Dataset excerpt:

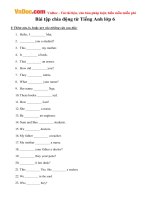 Bài tập chia động từ Tiếng Anh lớp 6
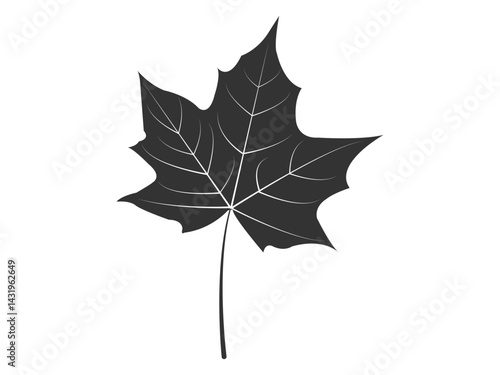 Maple Leaf Silhouette – Black Vector Autumn Leaf Isolated on White Background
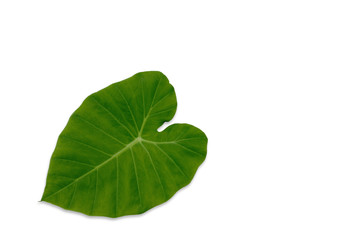 Caladium leaf isolated on white background.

What is expected: Omit each picture, then return all of the listing exactly as it stands.

Exercise answer:
 Bài tập chia động từ Tiếng Anh lớp 6
 Maple Leaf Silhouette – Black Vector Autumn Leaf Isolated on White Background
 Caladium leaf isolated on white background.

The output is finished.